第18話 大好きなもの

文字数 800文字

 「簡単な面接です。みなさん、好きなものを言ってください。」
 いきなりの問いに戸惑う。アメリカ人度を試されるのだろうか。
 「ハンバーガー。」
 「チリビーン。」
 「ステーキ。」
 「フライドチキン。」
 「コーラ。」
 いやあ、アメリカ食オンパレードだ。
 「はーい、注目。さあ、日本人はなんていうかな。」
 教官はわざと、俺の前で区切った。畜生。日本人は和食に決まってら。
 「日本人なら、米!」

 一瞬、場が静まり返る。そして、次の瞬間、歓声が上がった。
 「すばらしい。アメリカそのものとは。」
 ああ、漢字でイメージしたから、誤訳されたらしい。

 「ボーナス問題です。一斉に答えてください。みなさんにとって死後の世界は。」
 「神の国。」
 と、みんなが叫ぶ中で、
 「仏の国。」
 と叫んでしまった。こりゃもうだめだ。
 「ははは、日本人ユニーク。フランスですか。」
 本気なのか、馬鹿にしてるのか、とにかく、はずかしい。顔を真っ赤ににしてうつむく。頭は真っ白。話など入ってこない。

 「どうしました。解らないのですか?」
 教官が覗き込む。困った。下手なことを言って機嫌を損ねると大変だ。
 「イエス、イエス。OK。」
 いきなりの外人顔をみて、つい片言になってしまった。

 「ワオ。ジャパニーズ、サイコウ。」
 何だ?どうやら、尊敬する人物を聞かれていたようだ。イエスと聞いて、すっかり勘違いしたらしい。思い込みが激しいアメリカ人。他人の言動を自分たちに都合のいいように解釈する傾向があるようだ。
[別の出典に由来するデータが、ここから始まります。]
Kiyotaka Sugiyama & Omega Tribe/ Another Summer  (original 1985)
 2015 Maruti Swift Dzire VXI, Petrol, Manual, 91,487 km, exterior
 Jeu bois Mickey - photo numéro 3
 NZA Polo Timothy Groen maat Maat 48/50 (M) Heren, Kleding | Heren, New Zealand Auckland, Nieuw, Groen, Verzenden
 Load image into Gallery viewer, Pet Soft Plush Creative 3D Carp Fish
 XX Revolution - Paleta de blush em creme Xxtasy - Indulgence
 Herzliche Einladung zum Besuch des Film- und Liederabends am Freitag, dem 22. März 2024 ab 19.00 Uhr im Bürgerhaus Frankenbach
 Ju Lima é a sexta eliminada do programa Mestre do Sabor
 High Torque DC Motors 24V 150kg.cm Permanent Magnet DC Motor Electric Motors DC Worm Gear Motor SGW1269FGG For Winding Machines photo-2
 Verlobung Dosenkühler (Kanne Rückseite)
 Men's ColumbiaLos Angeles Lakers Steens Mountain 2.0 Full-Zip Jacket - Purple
 なんやかんやで、主席での卒業となった。根っからの日本人。忍耐と空気を読む能力なら世界一。
 「アメリカ人以上のアメリカ人ぶり。さすが、さくらとポチの国。みなさんも日本人に負けないように。」
 セレブの生活もうらまやしかったが、ぼろが出ないうちに、あわてて日本に戻った。